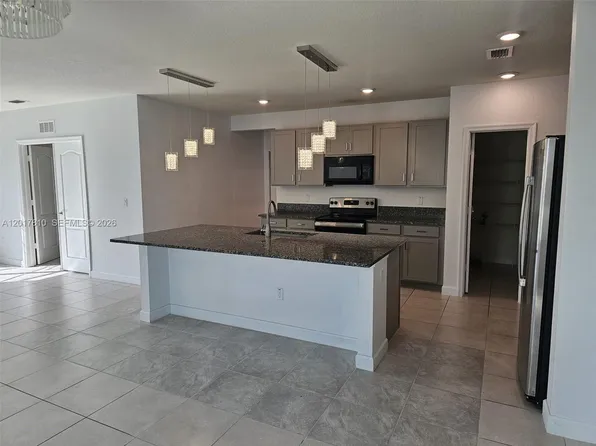 831 Bent Creek Dr, Fort Pierce, FL 34947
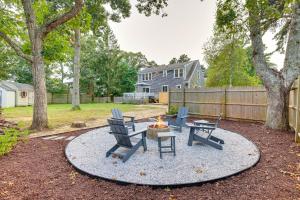 1 Mi to Sand! Mid-Cape Chatham w Furnished Deck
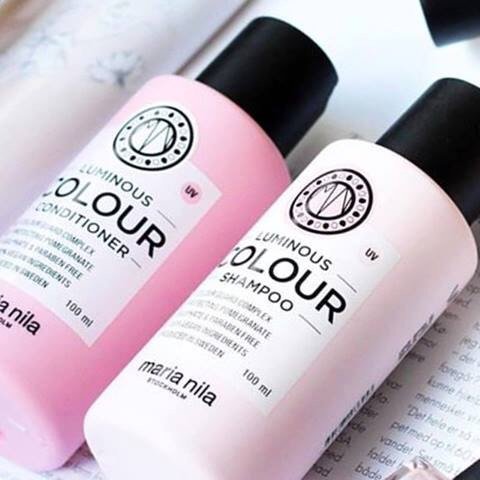 MariaNilaTurkey's tweet photo. #LuminousColour Saç tellerini güçlendiren etkisi ile boyanın uzun süre akmadan saçta kalmasına yardımcı olur.
#Vegan https://t.co/mdKU0ljD8u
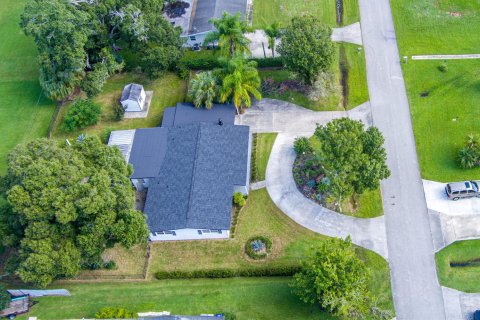 House in Vero Beach, Florida 3 bedrooms, 177.91 sq.m. № 2331501 - photo 3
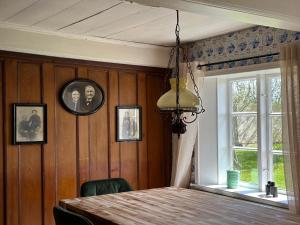 a dining room with a table and a window at Huus Hannchen in Langeneß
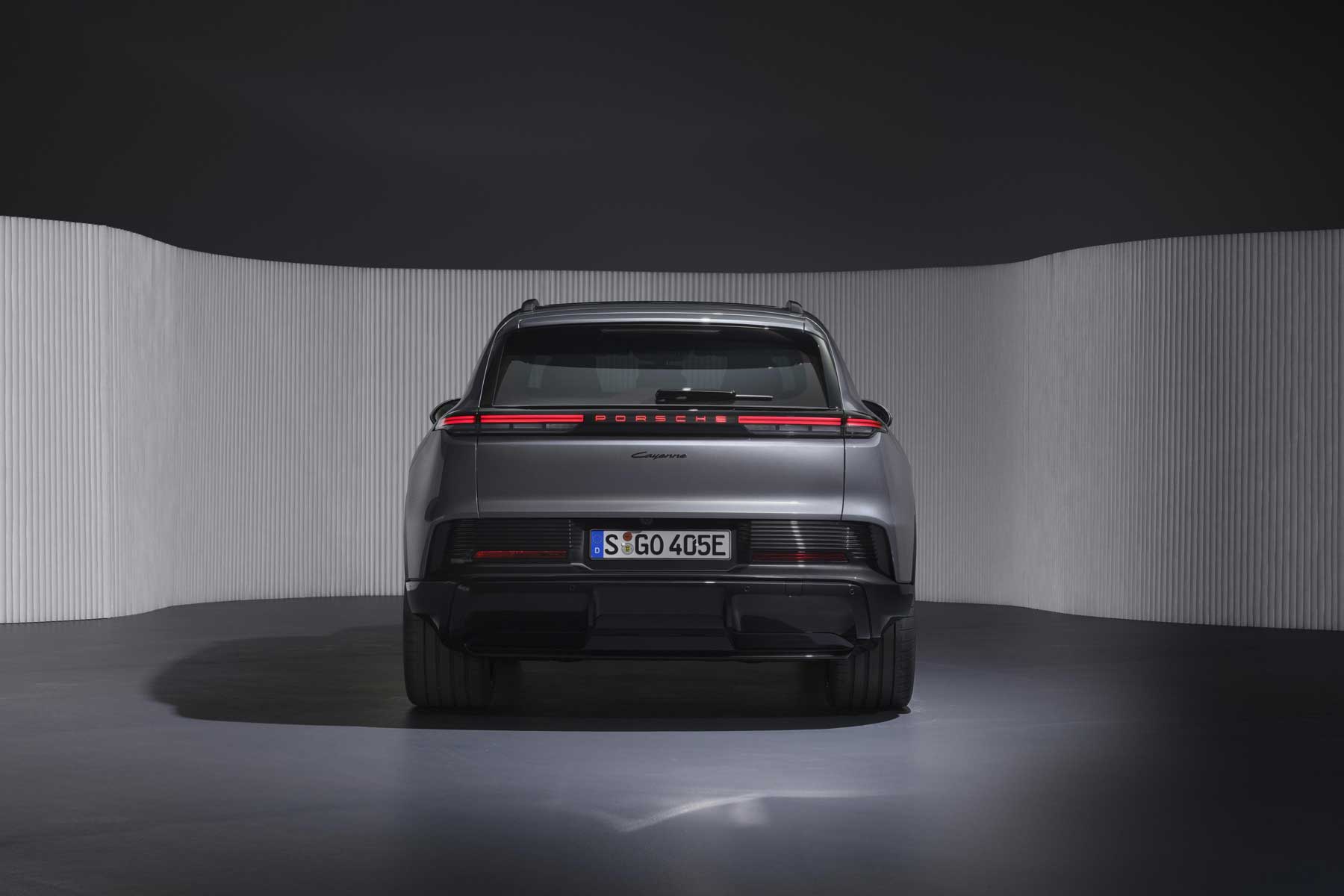 Porsche Cayenne Electric foto trasera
______________________________
▸ **What this task involves**
Will you repeat the material above, but only from the line containing "1 Mi to Sand!" through its last line, exactly and without the pictures?

▸ **Answer to the problem**
 1 Mi to Sand! Mid-Cape Chatham w Furnished Deck
 MariaNilaTurkey's tweet photo. #LuminousColour Saç tellerini güçlendiren etkisi ile boyanın uzun süre akmadan saçta kalmasına yardımcı olur.
#Vegan https://t.co/mdKU0ljD8u
 House in Vero Beach, Florida 3 bedrooms, 177.91 sq.m. № 2331501 - photo 3
 a dining room with a table and a window at Huus Hannchen in Langeneß
 Porsche Cayenne Electric foto trasera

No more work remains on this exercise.